Hare and others say it is premature to claim, as McGowan has recently, that Scarborough has all the approvals it needs. “The big gap in the assessment is that there’s been no assessment of Aboriginal cultural heritage impacts,” Hare said.

“It’s mistaken to think that Scarborough is a done deal,” agreed the head of clean energy transition at Greenpeace Australia Pacific, Jess Panegyres. “At this point, there are still regulatory and legal avenues for stopping Scarborough, including the NOPSEMA approvals process, which present significant obstacles for Woodside.”

NOPSEMA, the National Offshore Petroleum Safety and Environmental Management Authority, is the independent regulator for safety and environmental management of offshore petroleum projects in Commonwealth waters. In response to queries from The Saturday Paper, NOPSEMA confirmed that Woodside still required several approvals for specific parts of the project that will run pipeline almost 400 kilometres off WA’s north-west coast to the Scarborough field.
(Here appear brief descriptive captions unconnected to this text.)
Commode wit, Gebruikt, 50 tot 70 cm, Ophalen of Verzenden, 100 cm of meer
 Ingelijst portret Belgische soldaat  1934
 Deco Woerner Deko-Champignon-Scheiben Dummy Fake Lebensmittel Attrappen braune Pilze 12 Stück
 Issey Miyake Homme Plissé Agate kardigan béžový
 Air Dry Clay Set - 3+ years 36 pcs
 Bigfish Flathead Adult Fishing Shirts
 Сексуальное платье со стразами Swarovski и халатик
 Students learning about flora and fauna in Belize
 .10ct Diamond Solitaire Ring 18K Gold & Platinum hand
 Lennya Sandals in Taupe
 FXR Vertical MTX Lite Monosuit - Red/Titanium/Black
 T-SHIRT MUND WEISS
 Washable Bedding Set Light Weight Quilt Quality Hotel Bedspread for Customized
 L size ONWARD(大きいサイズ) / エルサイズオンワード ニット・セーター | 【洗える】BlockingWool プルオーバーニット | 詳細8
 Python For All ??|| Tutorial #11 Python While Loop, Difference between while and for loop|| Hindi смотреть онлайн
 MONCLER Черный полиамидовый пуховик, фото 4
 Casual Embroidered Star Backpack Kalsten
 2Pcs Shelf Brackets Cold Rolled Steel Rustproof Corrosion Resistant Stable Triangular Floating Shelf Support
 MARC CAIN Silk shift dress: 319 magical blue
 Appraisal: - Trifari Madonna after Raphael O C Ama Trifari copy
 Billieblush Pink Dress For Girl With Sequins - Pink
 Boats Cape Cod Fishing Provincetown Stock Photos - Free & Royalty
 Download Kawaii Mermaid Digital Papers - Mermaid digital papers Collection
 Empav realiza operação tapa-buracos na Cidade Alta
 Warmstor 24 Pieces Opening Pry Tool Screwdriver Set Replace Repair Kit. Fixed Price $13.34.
“To date, Woodside has only received an approval for the operations project plan for Scarborough,” a NOPSEMA spokesperson said, adding that Woodside had already submitted three environment plans under assessment, with more needed.

“The cultural features of the environment are part of the definition of ‘environment’ … As such, each environment plan must address impacts to cultural features and identify appropriate management strategies.”

This means Woodside will need to consult with traditional custodians, such as Raelene Cooper, who have cultural connection and obligations to Murujuga. The Saturday Paper has seen a letter to Woodside from Cooper and another custodian, Kuruma Mardudhunera woman Josie Alec, requesting consultation as “relevant persons” under the 2009 act that governs offshore petroleum projects.

“We’re not opposing what’s there now, because it’s there,” says Cooper. “However, we are opposing these new projects that come about, because enough is enough, when do we draw the line?

“And the importance of this is our songlines and our culture and the future of it. And I guess that’s the story that we want to get out to people, that there’s more to it, because it’s not just about us – it’s about everybody.”